The rest of the country caught on after Aung La N Sang signed with ONE Championship, Asia’s largest MMA organization that broadcasts fights to 118 countries. After 13 years away from his home country, he returned in March 2016 to fight in Yangon, submitting his opponent with a guillotine chokehold in the first round.
That fight endeared him to the Myanmar people outside of his Kachinland home; he became a symbol of the entire country.
“When he performs in Yangon, the cheers blow the roof off the stadium,” said ONE’s public relations director Loren Mack. “In Myanmar, Aung La is a bonafide superhero.”
Champion of the people
Six months after his first victory in Yangon, Aung La returned again, defeating Poland’s Michal Pasternak by decision. That win set him up for a shot at Bigdash, the undefeated Russian champion, in Jakarta this past January.

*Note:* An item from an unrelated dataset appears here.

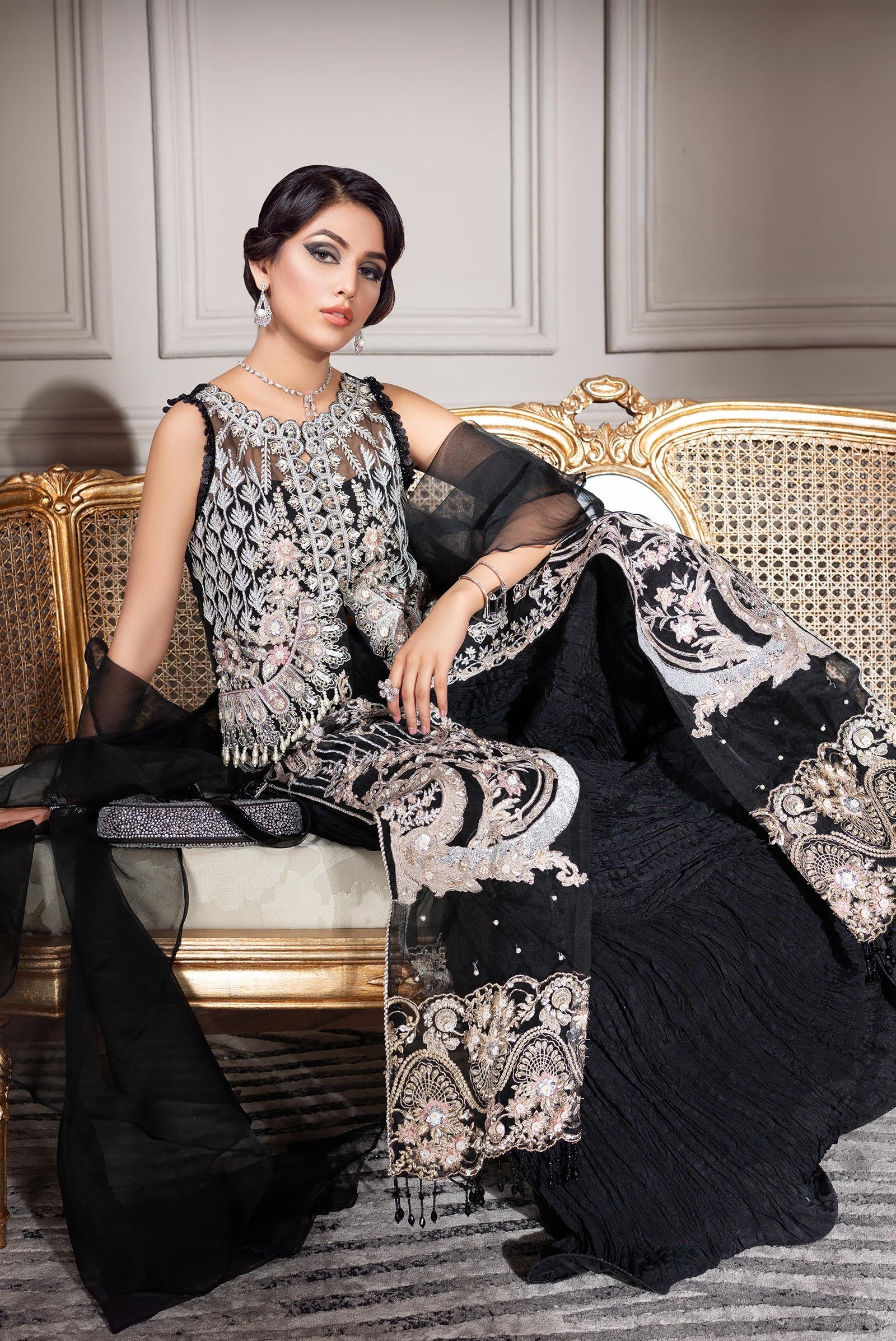 Black Embellished Organza & Silk Salwar Kameez (4-Piece) - Image 4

But Aung La N Sang only got the invitation to fight Bigdash 10 days before the event, after the initial opponent dropped out at the last minute. Underprepared, the “Burmese Python” struggled through five punishing rounds, losing by unanimous decision and leaving the ring in a bloody mess.

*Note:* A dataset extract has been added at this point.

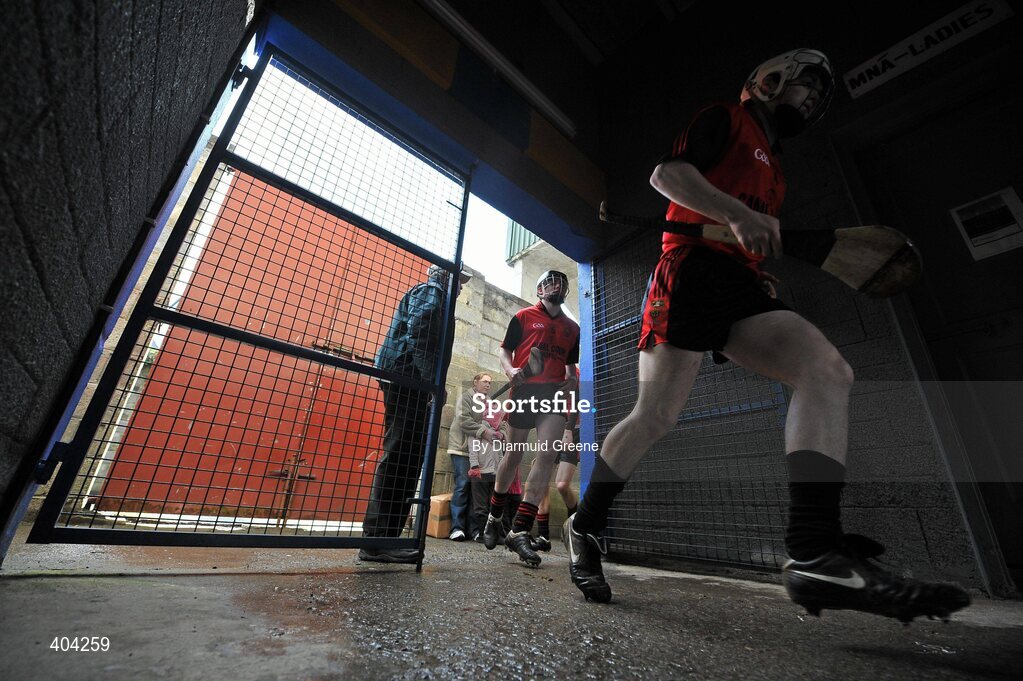 21 February 2010; Down's Sean Ennis, followed by Matthew Teague, leads his team out onto the pitch for the start of the second half. Allianz GAA Hurling National League, Division 2 Round 1, Clare v Down. Cusack Park, Ennis, Co. Clare. Picture credit: Diarmuid Greene / SPORTSFILE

“It showed me what he’s able to do,” Aung La N Sang said of that first loss to Bigdash. “Losing gives you an ability to improve yourself.”
In the rematch,Myanmar’s favorite son certainly looked improved. Just two minutes into the first round, Aung La N Sang knocked Bigdash down with a big left and pounced. The crowd frenzied as he pummeled the opponent, and though Bigdash would avoid a knockout and finish the full 25-minute fight, decisive damage had been done in those opening moments. All three judges scored the fight in Aung La’s favor.

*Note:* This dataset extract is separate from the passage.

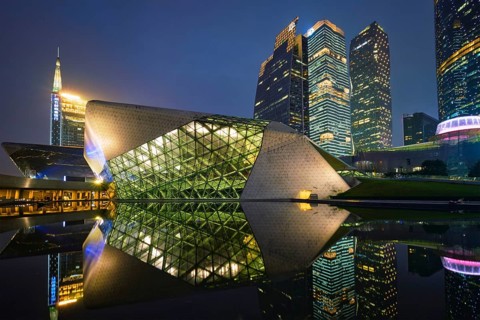 GUANGZHOU, CHINA, APRIL 27, 2018: Guangzhou Opera House designed by famous Iraqi architect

“That knockdown scored a lot,” he said at his press conference, looking relaxed in front of the glittering ONE Championship title belt. “[Bigdash] is tough as nails, but my coach told me his chin is suspect.”
The entire country celebrated the win, with posts and videos of the fight flooding Facebook for the rest of the weekend; nearly 1 million people watched live streams in Myanmar, with even more tuning in to the TV broadcast.
Outside the stadium, vendors hawking Myanmar flags and stickers did big business in the hours leading up to the main event. A young couple with their toddler son, all wearing the national flag as temporary tattoos on their cheeks, said they were bringing their child to his first MMA fight.“He has to see Aung La N Sang,” they said. “He is Myanmar’s hero.”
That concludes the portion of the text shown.